The NFL has leaders who wear shoulder pads and helmets, and the NFL has leaders who wear suits and ties.
Fans know that NFL players reap the financial rewards of the league's mass appeal, but what about the guys who sign their checks?
NFL commissioner Roger Goodell, for example, made $29.5 million in 2011.
This is public information due to the fact that the NFL is viewed by the government as a nonprofit organization. All tax-exempt nonprofit enterprises must make the salaries of their highest-ranking officers public.
Imagine that: A product that makes money hand over fist is a nonprofit.
This is why teams can find ways to secure public funds for the building of stadiums and receive property tax breaks on the land on which they are built. It's why you won't go one Sunday in September without seeing a few Play 60 commercials sponsored by the league.
At least one person is at odds with this designation.
In late April, Oklahoma senator Tom Coburn (R) introduced an amendment to the U.S. Marketplace Fairness Act which would make IRS code 1986 "exclude major professional sports from qualifying as tax-exempt organizations."
Let's get one thing straight: NFL owners didn't get to be NFL owners by being dummies in business. The number of potential write-offs and "creative accounting" smudges on the general ledger grow immeasurably with this designation. It is a designation some call "a glorified tax shelter," via The Star Ledger's Dave D'Alessandro.
NFL teams as single entities do not fall under this category, though, and are most certainly not exempt from taxation.

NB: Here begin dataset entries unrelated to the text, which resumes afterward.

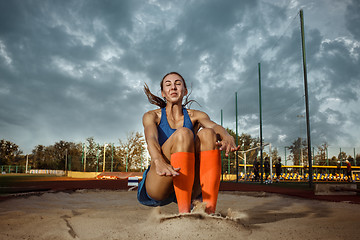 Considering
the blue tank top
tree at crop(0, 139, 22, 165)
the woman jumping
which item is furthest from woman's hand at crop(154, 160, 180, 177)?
tree at crop(0, 139, 22, 165)

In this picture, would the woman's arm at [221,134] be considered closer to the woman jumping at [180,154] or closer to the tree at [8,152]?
the woman jumping at [180,154]

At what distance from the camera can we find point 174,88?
2.18 metres

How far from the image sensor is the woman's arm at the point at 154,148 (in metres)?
1.67

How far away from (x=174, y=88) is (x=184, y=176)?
0.76m

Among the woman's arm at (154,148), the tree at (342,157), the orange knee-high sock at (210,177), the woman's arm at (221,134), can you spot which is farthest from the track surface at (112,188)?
the tree at (342,157)

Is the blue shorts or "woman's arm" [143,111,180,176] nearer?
"woman's arm" [143,111,180,176]

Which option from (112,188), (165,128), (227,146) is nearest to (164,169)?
(227,146)

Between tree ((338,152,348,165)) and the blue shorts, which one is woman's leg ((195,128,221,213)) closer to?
the blue shorts

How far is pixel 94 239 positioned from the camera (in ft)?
5.44

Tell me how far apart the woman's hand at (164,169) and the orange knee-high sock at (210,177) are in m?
0.21

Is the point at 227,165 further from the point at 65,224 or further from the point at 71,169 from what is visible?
the point at 65,224

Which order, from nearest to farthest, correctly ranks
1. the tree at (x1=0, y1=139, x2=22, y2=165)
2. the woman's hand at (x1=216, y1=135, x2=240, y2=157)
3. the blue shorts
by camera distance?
the woman's hand at (x1=216, y1=135, x2=240, y2=157)
the blue shorts
the tree at (x1=0, y1=139, x2=22, y2=165)

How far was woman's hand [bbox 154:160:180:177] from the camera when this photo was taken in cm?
164

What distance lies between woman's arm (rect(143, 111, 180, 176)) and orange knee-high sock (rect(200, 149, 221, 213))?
22 centimetres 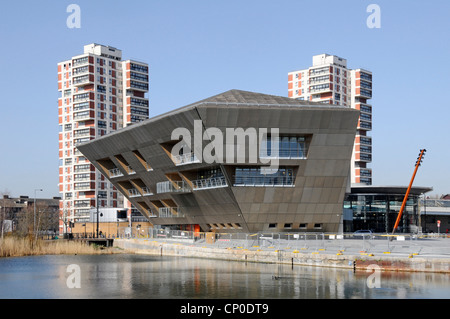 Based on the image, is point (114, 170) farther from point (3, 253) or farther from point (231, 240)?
point (231, 240)

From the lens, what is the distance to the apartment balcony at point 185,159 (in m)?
61.5

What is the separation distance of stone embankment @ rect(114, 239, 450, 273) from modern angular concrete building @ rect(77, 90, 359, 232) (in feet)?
19.5

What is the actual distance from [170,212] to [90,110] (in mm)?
74020

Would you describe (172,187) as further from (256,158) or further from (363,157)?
(363,157)

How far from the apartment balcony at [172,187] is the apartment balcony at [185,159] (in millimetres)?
2833

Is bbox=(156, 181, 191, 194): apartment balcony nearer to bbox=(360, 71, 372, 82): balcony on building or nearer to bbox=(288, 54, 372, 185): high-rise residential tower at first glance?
bbox=(288, 54, 372, 185): high-rise residential tower

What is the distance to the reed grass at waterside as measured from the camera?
203ft

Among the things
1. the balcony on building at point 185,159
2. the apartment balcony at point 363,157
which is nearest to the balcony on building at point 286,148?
the balcony on building at point 185,159

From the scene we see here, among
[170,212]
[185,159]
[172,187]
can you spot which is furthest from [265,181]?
[170,212]

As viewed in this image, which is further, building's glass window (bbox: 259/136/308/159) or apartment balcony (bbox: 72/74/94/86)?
apartment balcony (bbox: 72/74/94/86)

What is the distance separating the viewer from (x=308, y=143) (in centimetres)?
5831

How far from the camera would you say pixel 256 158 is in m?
57.7

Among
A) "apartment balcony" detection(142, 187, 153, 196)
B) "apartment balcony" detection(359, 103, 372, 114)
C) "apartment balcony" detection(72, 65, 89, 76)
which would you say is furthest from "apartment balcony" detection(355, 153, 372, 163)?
"apartment balcony" detection(142, 187, 153, 196)

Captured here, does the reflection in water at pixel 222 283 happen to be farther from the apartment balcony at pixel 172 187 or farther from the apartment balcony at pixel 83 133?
the apartment balcony at pixel 83 133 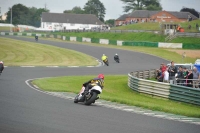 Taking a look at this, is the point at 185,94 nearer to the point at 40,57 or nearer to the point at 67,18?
the point at 40,57

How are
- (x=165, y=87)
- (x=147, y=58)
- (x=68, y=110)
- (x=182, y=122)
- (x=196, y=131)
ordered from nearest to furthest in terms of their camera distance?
(x=196, y=131)
(x=182, y=122)
(x=68, y=110)
(x=165, y=87)
(x=147, y=58)

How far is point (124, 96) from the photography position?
22281 mm

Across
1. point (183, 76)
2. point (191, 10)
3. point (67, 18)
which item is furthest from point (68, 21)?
point (183, 76)

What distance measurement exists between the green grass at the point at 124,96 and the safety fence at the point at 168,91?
0.25 meters

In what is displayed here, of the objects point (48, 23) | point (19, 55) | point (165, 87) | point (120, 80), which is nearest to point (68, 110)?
point (165, 87)

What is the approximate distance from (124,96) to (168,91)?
2.40 m

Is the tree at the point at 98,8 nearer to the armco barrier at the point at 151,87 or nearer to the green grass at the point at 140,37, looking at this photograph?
the green grass at the point at 140,37

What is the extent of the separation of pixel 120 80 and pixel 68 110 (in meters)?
17.4

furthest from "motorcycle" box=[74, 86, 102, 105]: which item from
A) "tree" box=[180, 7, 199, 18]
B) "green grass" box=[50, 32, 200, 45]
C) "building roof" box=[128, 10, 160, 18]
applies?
"building roof" box=[128, 10, 160, 18]

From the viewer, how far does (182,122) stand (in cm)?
1283

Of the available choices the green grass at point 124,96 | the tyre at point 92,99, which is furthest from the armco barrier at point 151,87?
the tyre at point 92,99

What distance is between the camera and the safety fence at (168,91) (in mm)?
19545

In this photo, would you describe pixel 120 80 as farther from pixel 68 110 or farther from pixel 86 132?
pixel 86 132

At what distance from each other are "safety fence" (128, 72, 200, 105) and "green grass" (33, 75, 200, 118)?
0.25m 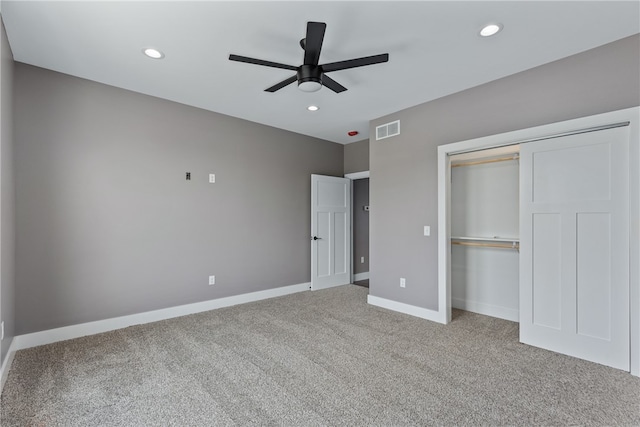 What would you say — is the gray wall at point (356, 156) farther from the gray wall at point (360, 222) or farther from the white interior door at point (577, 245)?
Answer: the white interior door at point (577, 245)

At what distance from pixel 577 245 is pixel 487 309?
Answer: 61.1 inches

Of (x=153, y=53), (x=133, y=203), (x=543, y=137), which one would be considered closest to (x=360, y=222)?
(x=543, y=137)

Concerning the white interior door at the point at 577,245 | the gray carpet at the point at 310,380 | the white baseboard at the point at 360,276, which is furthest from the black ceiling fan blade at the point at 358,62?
the white baseboard at the point at 360,276

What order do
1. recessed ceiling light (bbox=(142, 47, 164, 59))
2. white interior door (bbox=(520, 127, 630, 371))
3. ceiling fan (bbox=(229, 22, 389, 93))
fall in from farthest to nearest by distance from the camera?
recessed ceiling light (bbox=(142, 47, 164, 59)) < white interior door (bbox=(520, 127, 630, 371)) < ceiling fan (bbox=(229, 22, 389, 93))

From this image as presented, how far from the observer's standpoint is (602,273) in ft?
8.70

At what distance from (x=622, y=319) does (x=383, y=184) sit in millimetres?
2731

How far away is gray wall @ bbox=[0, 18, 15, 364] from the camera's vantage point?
2.34 meters

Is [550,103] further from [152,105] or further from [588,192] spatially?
[152,105]

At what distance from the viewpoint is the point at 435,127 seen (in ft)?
12.4

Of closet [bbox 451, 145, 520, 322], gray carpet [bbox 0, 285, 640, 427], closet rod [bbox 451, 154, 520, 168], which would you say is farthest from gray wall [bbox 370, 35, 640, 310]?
gray carpet [bbox 0, 285, 640, 427]

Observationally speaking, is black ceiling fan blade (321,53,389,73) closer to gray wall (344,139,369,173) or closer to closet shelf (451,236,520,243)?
closet shelf (451,236,520,243)

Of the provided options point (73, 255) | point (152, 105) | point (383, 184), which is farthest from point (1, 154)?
point (383, 184)

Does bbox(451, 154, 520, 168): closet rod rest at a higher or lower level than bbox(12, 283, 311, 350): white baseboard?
higher

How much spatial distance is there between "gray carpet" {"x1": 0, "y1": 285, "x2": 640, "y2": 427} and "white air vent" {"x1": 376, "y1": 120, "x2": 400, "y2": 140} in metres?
2.51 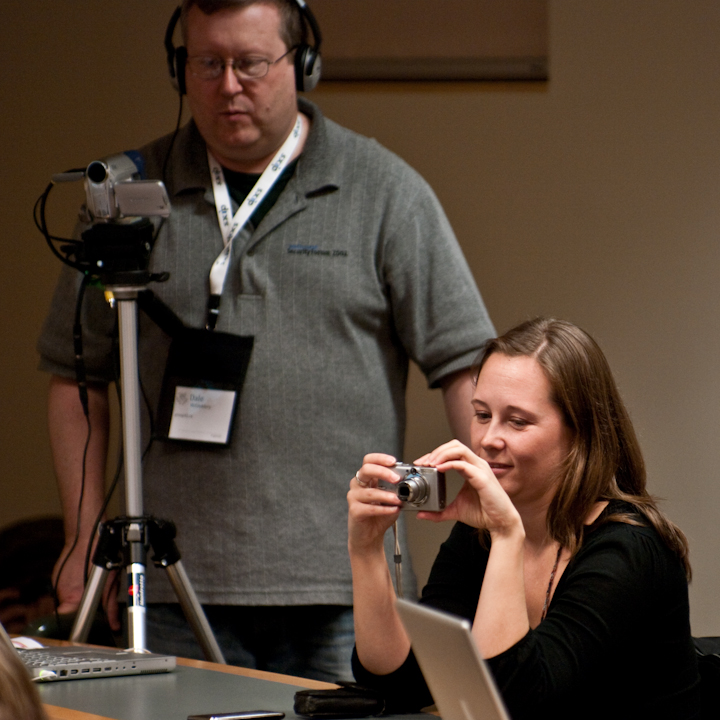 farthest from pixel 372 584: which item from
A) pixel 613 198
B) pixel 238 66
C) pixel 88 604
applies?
pixel 613 198

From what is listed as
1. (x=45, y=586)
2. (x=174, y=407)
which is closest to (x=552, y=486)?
(x=174, y=407)

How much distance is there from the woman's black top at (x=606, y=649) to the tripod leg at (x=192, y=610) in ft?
1.39

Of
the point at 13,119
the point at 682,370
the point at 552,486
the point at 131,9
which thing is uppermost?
the point at 131,9

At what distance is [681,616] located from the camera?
1361 mm

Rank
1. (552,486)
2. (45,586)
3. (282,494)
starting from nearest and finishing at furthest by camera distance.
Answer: (552,486) → (282,494) → (45,586)

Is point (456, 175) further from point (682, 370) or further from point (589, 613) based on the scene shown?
point (589, 613)

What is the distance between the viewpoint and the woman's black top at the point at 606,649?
48.1 inches

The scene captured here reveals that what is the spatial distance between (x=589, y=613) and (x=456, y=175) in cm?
207

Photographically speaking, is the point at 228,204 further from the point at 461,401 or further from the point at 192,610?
the point at 192,610

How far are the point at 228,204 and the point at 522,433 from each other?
862mm

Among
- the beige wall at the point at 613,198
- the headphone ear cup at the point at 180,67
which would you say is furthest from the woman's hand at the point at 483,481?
the beige wall at the point at 613,198

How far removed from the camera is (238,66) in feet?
6.23

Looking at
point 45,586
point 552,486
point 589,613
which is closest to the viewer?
point 589,613

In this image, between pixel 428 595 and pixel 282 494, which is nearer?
pixel 428 595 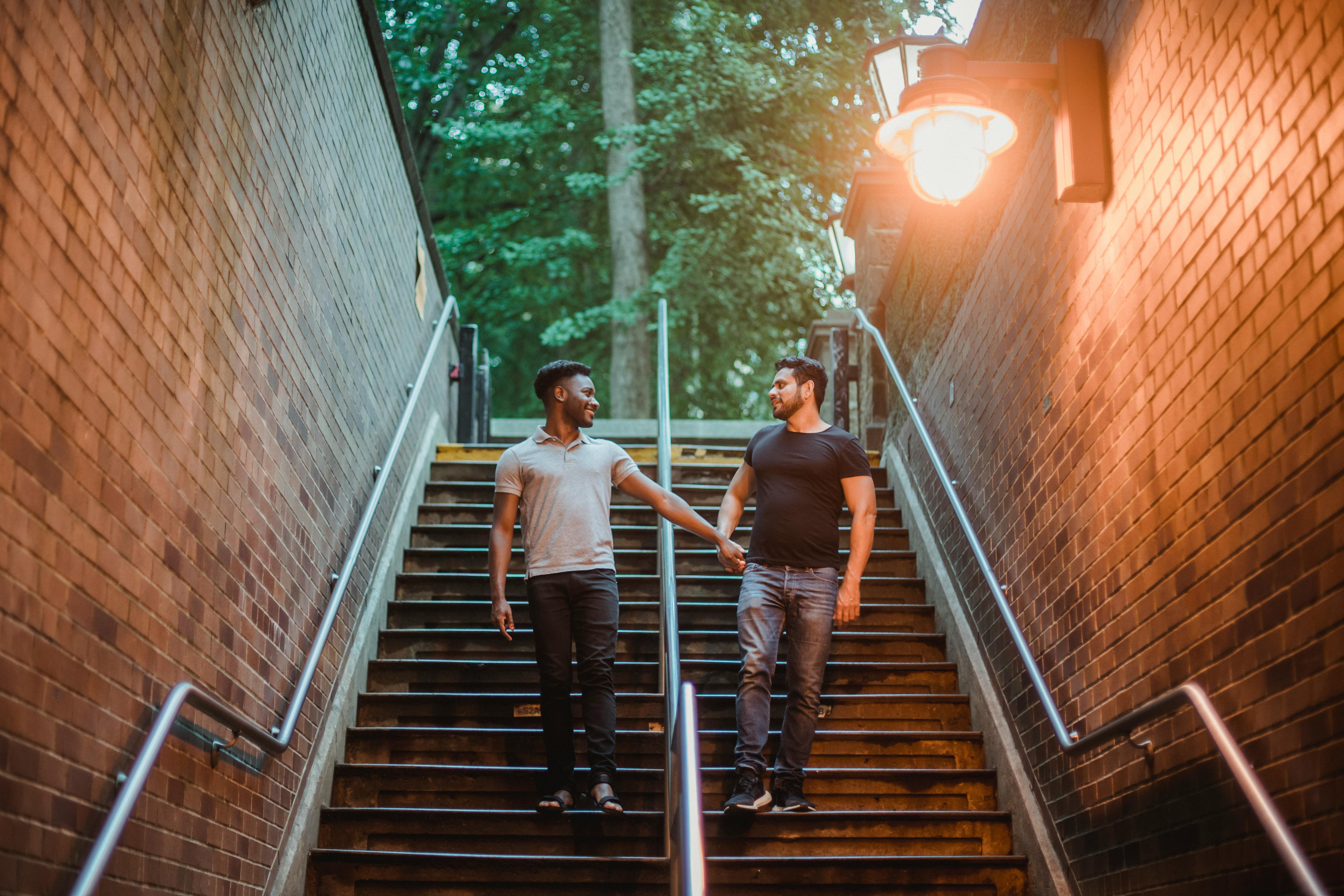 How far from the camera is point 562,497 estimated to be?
4551 mm

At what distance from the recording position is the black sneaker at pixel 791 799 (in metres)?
4.34

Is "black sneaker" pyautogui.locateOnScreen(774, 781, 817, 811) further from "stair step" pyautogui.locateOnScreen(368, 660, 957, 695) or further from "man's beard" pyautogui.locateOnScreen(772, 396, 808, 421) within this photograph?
"man's beard" pyautogui.locateOnScreen(772, 396, 808, 421)

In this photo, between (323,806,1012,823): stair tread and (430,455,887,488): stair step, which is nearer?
(323,806,1012,823): stair tread

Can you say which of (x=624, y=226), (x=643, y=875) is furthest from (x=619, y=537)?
(x=624, y=226)

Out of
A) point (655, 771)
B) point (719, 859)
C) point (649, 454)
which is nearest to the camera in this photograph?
point (719, 859)

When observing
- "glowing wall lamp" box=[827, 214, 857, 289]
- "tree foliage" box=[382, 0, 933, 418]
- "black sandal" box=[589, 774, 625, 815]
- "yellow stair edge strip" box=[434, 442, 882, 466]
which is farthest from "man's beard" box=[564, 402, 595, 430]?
"tree foliage" box=[382, 0, 933, 418]

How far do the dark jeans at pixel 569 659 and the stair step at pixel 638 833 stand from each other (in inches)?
7.3

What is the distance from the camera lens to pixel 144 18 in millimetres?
2992

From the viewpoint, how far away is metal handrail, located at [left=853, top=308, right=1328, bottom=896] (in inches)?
86.3

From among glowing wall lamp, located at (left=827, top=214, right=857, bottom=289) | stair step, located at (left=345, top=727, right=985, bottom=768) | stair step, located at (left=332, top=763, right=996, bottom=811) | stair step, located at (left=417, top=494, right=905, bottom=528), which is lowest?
stair step, located at (left=332, top=763, right=996, bottom=811)

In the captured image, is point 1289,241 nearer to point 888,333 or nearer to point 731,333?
point 888,333

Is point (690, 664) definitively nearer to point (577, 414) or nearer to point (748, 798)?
point (748, 798)

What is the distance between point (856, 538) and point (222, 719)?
243 centimetres

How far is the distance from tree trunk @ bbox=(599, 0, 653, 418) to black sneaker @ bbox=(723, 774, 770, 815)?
28.6 ft
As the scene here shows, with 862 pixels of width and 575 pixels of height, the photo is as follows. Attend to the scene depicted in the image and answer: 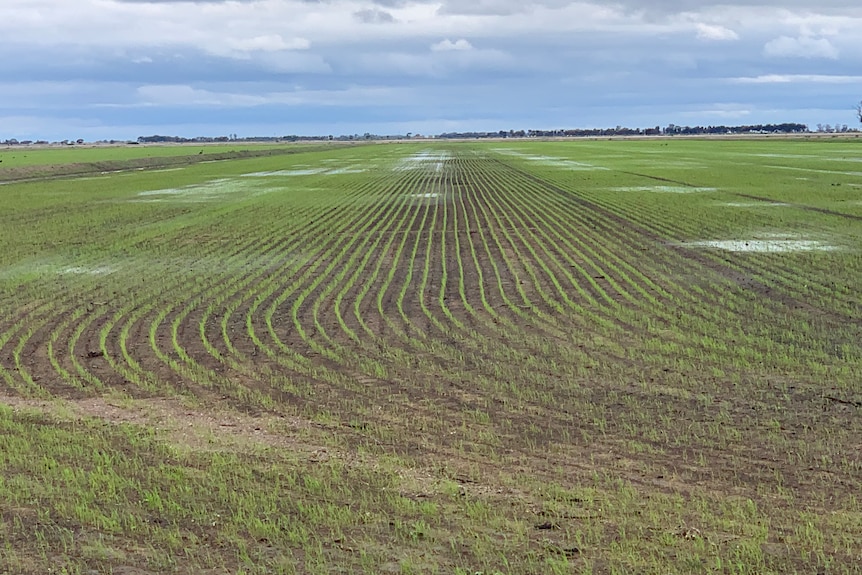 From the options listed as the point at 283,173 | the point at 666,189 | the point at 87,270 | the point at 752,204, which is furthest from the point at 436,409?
the point at 283,173

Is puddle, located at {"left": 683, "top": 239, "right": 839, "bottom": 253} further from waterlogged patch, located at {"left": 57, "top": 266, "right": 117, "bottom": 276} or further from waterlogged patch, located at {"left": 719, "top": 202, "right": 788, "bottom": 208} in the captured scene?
waterlogged patch, located at {"left": 57, "top": 266, "right": 117, "bottom": 276}

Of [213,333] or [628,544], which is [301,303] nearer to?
[213,333]

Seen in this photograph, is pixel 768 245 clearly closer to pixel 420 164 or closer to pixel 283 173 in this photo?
pixel 283 173

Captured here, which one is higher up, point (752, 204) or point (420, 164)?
point (420, 164)

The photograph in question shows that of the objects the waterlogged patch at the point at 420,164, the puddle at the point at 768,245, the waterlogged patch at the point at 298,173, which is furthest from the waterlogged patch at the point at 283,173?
the puddle at the point at 768,245

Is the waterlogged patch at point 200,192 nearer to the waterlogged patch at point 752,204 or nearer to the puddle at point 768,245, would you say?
the waterlogged patch at point 752,204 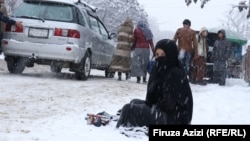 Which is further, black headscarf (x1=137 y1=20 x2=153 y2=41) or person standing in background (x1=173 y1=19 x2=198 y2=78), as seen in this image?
person standing in background (x1=173 y1=19 x2=198 y2=78)

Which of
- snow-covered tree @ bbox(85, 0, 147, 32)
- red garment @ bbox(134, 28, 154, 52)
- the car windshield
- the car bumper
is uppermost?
snow-covered tree @ bbox(85, 0, 147, 32)

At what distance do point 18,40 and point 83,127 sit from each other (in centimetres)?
534

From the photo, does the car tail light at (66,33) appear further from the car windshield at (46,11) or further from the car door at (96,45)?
the car door at (96,45)

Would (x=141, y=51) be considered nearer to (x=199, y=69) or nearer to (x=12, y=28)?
(x=199, y=69)

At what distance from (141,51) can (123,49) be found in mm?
728

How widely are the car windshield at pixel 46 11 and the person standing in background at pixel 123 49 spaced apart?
2.26m

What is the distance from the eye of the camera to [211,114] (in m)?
7.28

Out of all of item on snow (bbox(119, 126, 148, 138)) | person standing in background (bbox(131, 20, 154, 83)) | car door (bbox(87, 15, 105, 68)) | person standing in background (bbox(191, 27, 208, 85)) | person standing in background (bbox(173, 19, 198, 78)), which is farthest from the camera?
person standing in background (bbox(191, 27, 208, 85))

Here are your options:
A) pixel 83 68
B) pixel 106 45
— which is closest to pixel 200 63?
pixel 106 45

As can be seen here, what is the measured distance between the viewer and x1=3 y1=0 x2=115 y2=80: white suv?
10227mm

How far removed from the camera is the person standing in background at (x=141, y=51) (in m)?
12.2

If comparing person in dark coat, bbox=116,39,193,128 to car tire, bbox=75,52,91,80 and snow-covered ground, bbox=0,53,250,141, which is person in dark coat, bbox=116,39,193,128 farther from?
car tire, bbox=75,52,91,80

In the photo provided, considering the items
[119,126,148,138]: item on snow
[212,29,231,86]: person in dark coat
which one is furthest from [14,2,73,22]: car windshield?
[119,126,148,138]: item on snow

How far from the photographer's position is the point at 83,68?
1082 cm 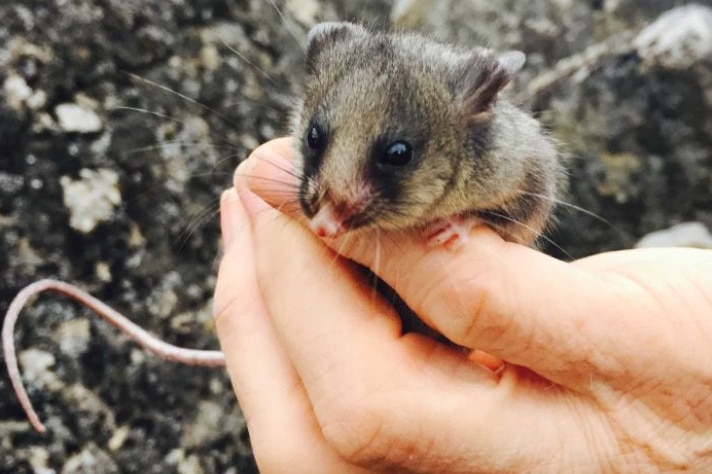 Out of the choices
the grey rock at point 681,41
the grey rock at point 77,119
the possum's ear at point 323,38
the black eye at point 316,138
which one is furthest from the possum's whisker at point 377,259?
the grey rock at point 681,41

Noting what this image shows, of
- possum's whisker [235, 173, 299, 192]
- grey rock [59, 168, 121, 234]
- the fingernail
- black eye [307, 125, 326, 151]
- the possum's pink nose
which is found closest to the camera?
the possum's pink nose

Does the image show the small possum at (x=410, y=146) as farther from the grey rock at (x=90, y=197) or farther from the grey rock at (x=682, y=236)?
the grey rock at (x=682, y=236)

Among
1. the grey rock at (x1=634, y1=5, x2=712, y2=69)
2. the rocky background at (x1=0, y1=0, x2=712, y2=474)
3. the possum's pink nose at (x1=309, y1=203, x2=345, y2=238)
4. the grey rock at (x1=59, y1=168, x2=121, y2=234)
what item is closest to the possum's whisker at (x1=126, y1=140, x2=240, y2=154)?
the rocky background at (x1=0, y1=0, x2=712, y2=474)

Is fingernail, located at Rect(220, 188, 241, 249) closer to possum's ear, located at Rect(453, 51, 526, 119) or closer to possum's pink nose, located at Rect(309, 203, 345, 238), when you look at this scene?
possum's pink nose, located at Rect(309, 203, 345, 238)

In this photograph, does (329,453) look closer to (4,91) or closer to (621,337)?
(621,337)

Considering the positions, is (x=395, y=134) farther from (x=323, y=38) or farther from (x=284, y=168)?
(x=323, y=38)

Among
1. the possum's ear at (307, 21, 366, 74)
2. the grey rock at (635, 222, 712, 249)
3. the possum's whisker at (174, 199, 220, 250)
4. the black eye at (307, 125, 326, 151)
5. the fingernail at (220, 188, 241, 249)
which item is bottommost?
the possum's whisker at (174, 199, 220, 250)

While the commissioner does technically report to the league's 32 team owners who elect him and pay his salary, he is paid under the umbrella of the National Football League.
And the NFL considers itself a trade association made up of the 32 teams which bankroll it.
Confused yet? We're just getting started.
NFL teams are guarded about the amount of money their executives get paid.
While outsiders may not know the salaries of team execs down to the final digits on the pay stub, we can estimate the neighborhood in which they are operating pretty well.
General Manager: $1 Million-$3 Million Salary
Though not official, Dolphins general manager Jeff Ireland is believed to have made about $2.8 million in 2011, according to Ben Volin of The Palm Beach Post.
At the time former Chargers GM A.J. Smith was re-upped for five years in 2008, his contract was for around $11 million, according to Kevin Acee of The San Diego Union-Tribune. Smith's five-year deal was "believed to be the third-richest and the longest pact among the league's general managers," according to Acee.
Another recent example: Eagles GM Howie Roseman received a contract for four to five years, according to Jeff McLane of the The Philadelphia Inquirer.
The general manager is usually the club's highest-paid front-office employee. The GM reports to the owner and/or CEO, depending on how ownership has set up the leadership structure.
They have direct reports in scouting, personnel and football operations. They also have administrative oversight of groups such as marketing, business development and facilities.
Vice President: $180,000-$400,000 Salary
Sports Business Daily gives an overall view of what a VP within an NFL organization is likely to make, starting at a median of around $230,000. At this level of seniority, the business operates just like most other businesses.
The VPs over the divisions or service lines that generate revenue are paid more than those who oversee support services. VPs over departments such as ticket sales, marketing, business development and corporate partnerships make more money than VPs who oversee groups like maintenance, environmental services, facilities or equipment.
Highly sought-after VPs in scouting are generally paid the most. VP of player personnel, or a similar title, is the most common stepping stone to a general manager appointment. Most GM titles actually come with an "executive VP" classification.
Director of Scouting: $95,000-$275,000 Salary
There are two sides to the scouting department for NFL teams: college scouting and pro scouting.
The director of college scouting has direct reports from all of the regional and area scouts who travel to evaluate collegiate players. The pro scouting director has oversight of the pro scouting department, which scouts upcoming opponents, free agents and players currently under contract with the team.
National Football Post's Dan Bechta estimates a director of college scouting's salary at around $275,000—understandably on the high end, as it's crucial for teams to bring in effective young talent. Also included here is the salary for the scouting assistants who report to the directors; they're down at the low end of this spectrum.
Account Executive: $35,000-$165,000 Salary
The headline here might as well say "ticket sales."
People can make a whole lot of money selling tickets for an NFL franchise. Sometimes PSL (personal seat licenses, which allow fans to purchase season tickets) packages can sell for more than an average person's mortgage. Those are monster commissions.
The producers on the low end of this spectrum are those who cannot sell or those who are afraid of hearing "no" from big clients—probably both. Either way, Jerry Jones doesn't want that type of person around the building.
Scout: $20,000-$95,000 Salary
They don't wear suits, but they have their own suit. It has pockets for binoculars and stopwatches, and it has seen its fair share of the road.
The lowest "horror-story figure" I've heard was $20,000. Generally, the "road scouts" and the area guys make between $40,000 and $95,000 a year (latter figure per Bechta), depending on seniority.